働き方

副業・兼業容認企業2割弱という調査結果から何がみえるのか

投稿日:2017年2月14日 / by

アントレが「兼業・副業に対する企業の意識調査」を実施

複業時代到来は幻想なのか…。リクルートキャリアが実施した独立・開業サポートサービス「アントレ」による「兼業・副業に対する企業の意識調査」によると、容認・推進企業は、全体の22.9%だった。その数字はともかく、そこから透けてみえるのは、副業・兼業への厳しいスタンスだ。

リクルートキャリア調べ

兼業・副業を容認する理由のトップは「特に禁止する理由がない」が68.7%で断トツ。2位の「従業員の収入増につながる」(26.7%)を大きく引き離した。3位は「人材育成・本人のスキル向上につながる」(5%)、4位「定着率の向上、継続雇用につながる」(3.8%)と、昨今の“副(複)業容認”の流れに沿う理由だが、寂しい数字となった。

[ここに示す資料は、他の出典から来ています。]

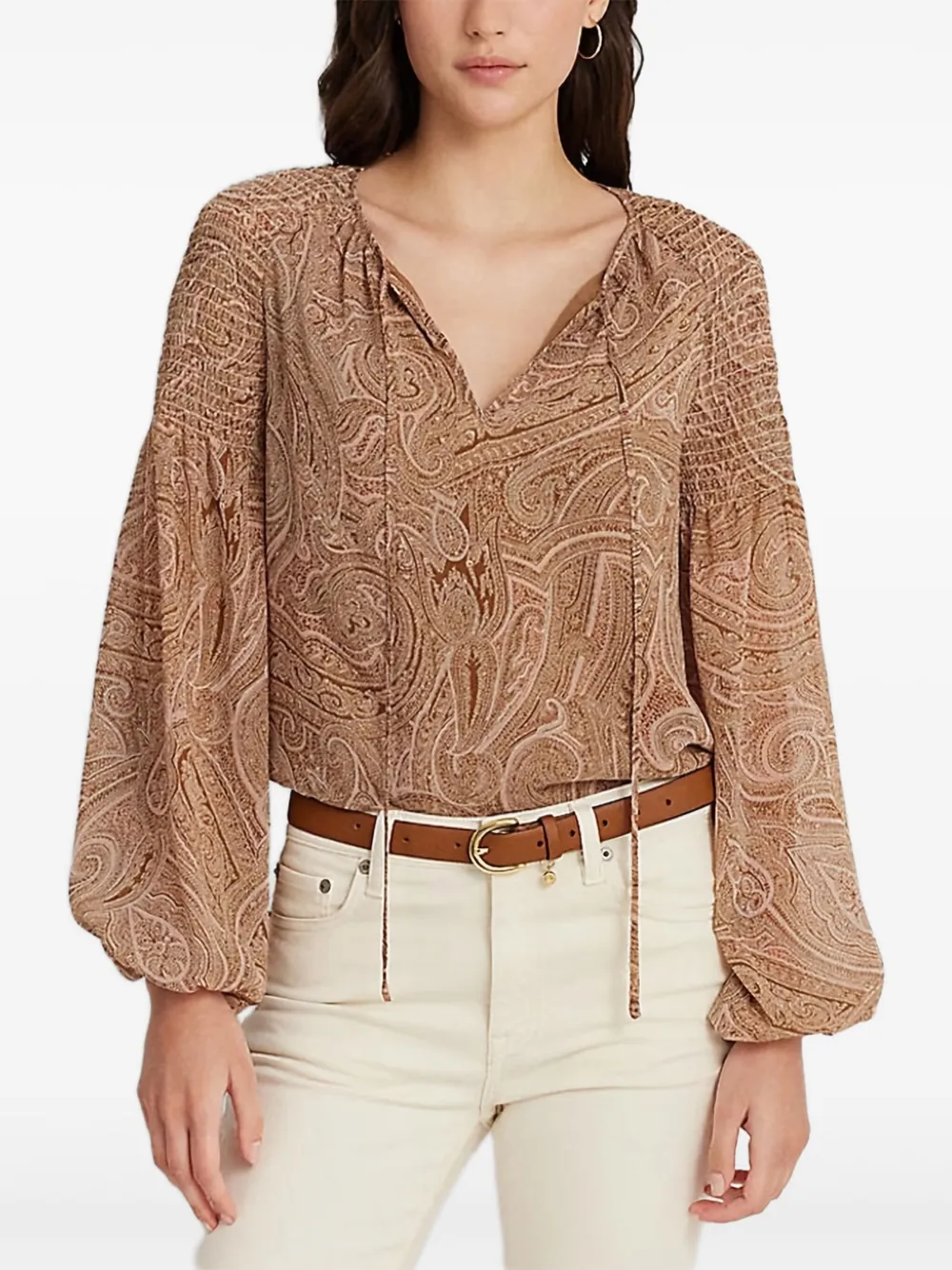 Lauren Ralph Lauren Blouse met ballonmouwen en print - Bruin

一方で、禁止する理由については、「社員の長時間労働・過重労働を助長する」が過半数を超える55.7%でトップ。2位の「情報漏えいリスク」(24.4%)に倍以上の水をあけた。企業にとっては、現状の業務状況でも目一杯の中、社員が副業する余裕などないだろう、というスタンスがにじみ出た結果といえる。

なぜ企業は副業にシビアなのか

このことを裏付ける調査結果として、兼業・副業容認企業から「社員に要求する条件は?」に対し、「本業に支障がでない」が60.3%となっている。一方、禁止企業は今後についても約8割が「検討していない」と回答している。さらに、他社でも働き、自社で兼業・副業として受け入れるかについても「受け入れておらず、今後も検討しない」が62.2%。すでに受け入れている(23.4%)将来検討したい(7.1%)を大きく上回った。

リクルートキャリア調べ

調査結果全体から透けてみえるのは、副業に対する企業のシビアでドライなスタンスだ。プラスの側面を考慮しての容認意向がなければ、将来的な容認も考えていない。ある意味では、企業の現状をあからさまに示しているともいえるが、それにしても昨今の副業解禁の流れに逆行するような結果だ。政府のから騒ぎなのか、一部企業だけの動きに過ぎないのか…。

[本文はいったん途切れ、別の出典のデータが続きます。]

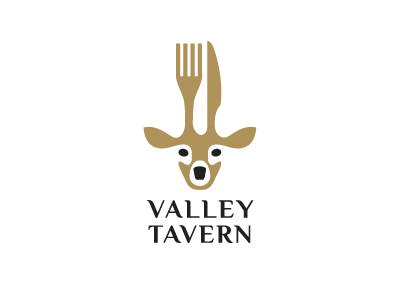 Valley Tavern animal antlers brandmark cutlery deer food identity logo logo design logos restaurant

謎を解くカギは、調査企業の企業規模にありそうだ。集計対象1147社の内、74.3%が10人~49人の企業規模。50人~99人は13%で、実に100人以下の企業が、9割弱。これでは、仮に副業を容認するとしても、社員の過重労働が気になるのも無理はない。

もっとも、規模が小さくとも、優秀な人材の確保は必須だ。副業容認だけが、ニンジンにはならないが、企業は業務に忙殺される要因を特定し、場合によってはビジネスモデルを転換する決断を迫られるかもしれない。この結果を、中小企業の暗たんたる未来としないためにも、いまから、変革に臨む準備は進めておいた方がいいのかもしれない。